Sex at 50 – there may be a slowdown, but ‘slow and steady wins the race,’ says author Sudha Menon
In her new book, Feisty at 50 – How I Stay Fabulous at Fifty-Plus, author Sudha Menon talks about how her life and relationships have taken a new turn after she hit 50.
When you reach the big Four-Oh, people insist that it is the new thirty, it’s time to let your hair down and party, and that age is just a number.
I am inching towards my mid-40s soon, and feel more enthusiastic than I ever was at 30, never mind the period pangs and other physical frailties. Being surrounded by twenty-somethings at the workplace helps, though the lingo sometimes escapes me. Well, that’s a story for another time!
At the Bangalore Litfest held last month, celebrated author Shobhaa De introduced her book, Seventy, and To Hell With It!, and listening to her, I rolled my eyes.
And now, another popular author, Sudha Menon goes and writes a book: Feisty at 50 – How I Stay Fabulous at Fifty-Plus. Well, this hit closer home and I was curious to know what it was all about.
The book is a quick, breezy read, a memoir that hops from one facet of the author’s life to another – from rebuilding her relationship with her mother, salon woes, buying fancy lingerie, action in the bedroom, the fine art of hovering, going down memory lane, and many revelations of life after 50. Featured prominently in the book is her husband Hassled Harry and her daughter The Fledgling. The anecdotes are peppered with racy wit, dollops of sarcasm and plenty of humour.
In an FB live with HerStory, Sudha Menon spoke about what prompted the book, why ageism stops women from doing the things they want to, body shaming older women and what life after 50 teaches you.

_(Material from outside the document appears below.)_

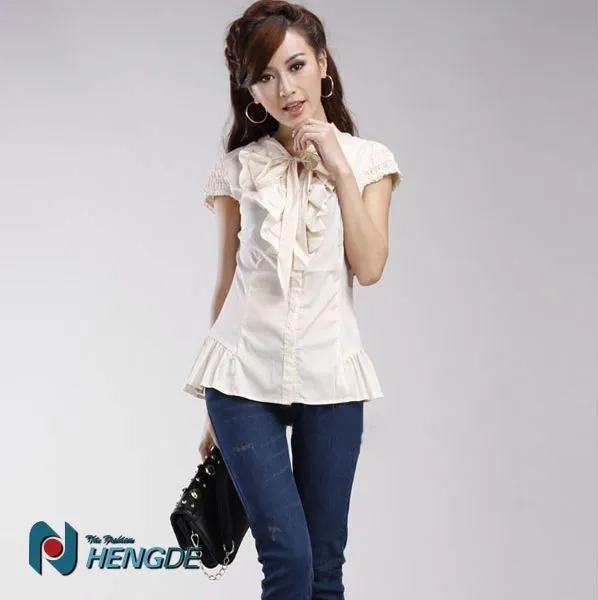 bo026 fabricante de prendas de vestir ropa de moda para mujer ropa ...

Here are some edited excerpts from the conversation.
As you grow older…
As women grow older, the “ageing” narrative, whether you like it or not, definitely comes into play. There are subtle hints – “slow down” (as if you are some bus in the wrong lane), “wear pastel shades” (yellow is hip and 40 is not… the list is endless.)
“There was this constant refrain on why I should stop working so hard, stop colouring my hair, wear only pastel shades, so on and so forth. As it is, at 50, my mindset was changing and my body too. That’s when I decided to send out this message that the 50s is only the beginning of the biggest adventure of your life, and I was going to prove it through chronicling my life through this book,” says Sudha Menon.
“It makes me so angry that a woman of 40 is considered over the hill. The other day somebody told me 50 is the new 30, but I don’t think I don’t want to be 30 again. At 52, I have never felt so liberated, empowered and so joyous,” she adds.
Playing the age card
While India reaps the benefits of a largely young population, Sudha Menon believes we need to give some credit to older people, women as well. “Remember, the young will also grow old one day. I think this messaging comes largely from the media and the entertainment industry where it is okay for a 50-year-old to romance a 20-year-old but the reverse never happens. I go to a mall, I have the money to splurge but they tell me there is no size above 30 for a pair of jeans. So this is also body-shaming older women.”
Action, or the lack of it
Interestingly, in Feisty at 50, Sudha goes where few women would be willing to speak out – action, or err, the lack of it in the bedroom. Agreed, sex in the 50s is not the same as when you were in your 20s but what the heck, women in their 50s have sex too.
“There may be a chill in the air or a slowing down of all action in the bedroom but then, you know, slow and steady wins the race. The desire is there but sometimes the body cannot keep up with it. But your sexuality is something that should not be frowned upon,” she says with a laugh.
According to Sudha Menon, the 20s, 30s, and 40s were times of fulfilling her dreams and ambitions, and once she turned 50, she began looking beyond big stories and front-page bylines and embrace relationships.
“One day it hit me that my father was dead and I have spent my life chasing dreams while the most important things in my life were left behind. I then understood that life is about friendships and relationships and I am now happy discovering them with my daughter, mother and sisters. I think we also realise that, at 50, it’s okay to be human; you don’t have to be perfect all the time and, most importantly, you don’t have to suffer fools.”
The all-important message
Being fifty is not the end of the road. It’s just the beginning of whatever you want to do, to be happy.
Sudha has some strong words of advice.
“I just want to say that don’t let anybody or anything pull you down. Don’t let anyone tell you that you aren’t good enough, what is appropriate or not. Practise a few minutes of mindfulness every day. You can have all the money in the bank, but it can’t replace the relationships in your life.”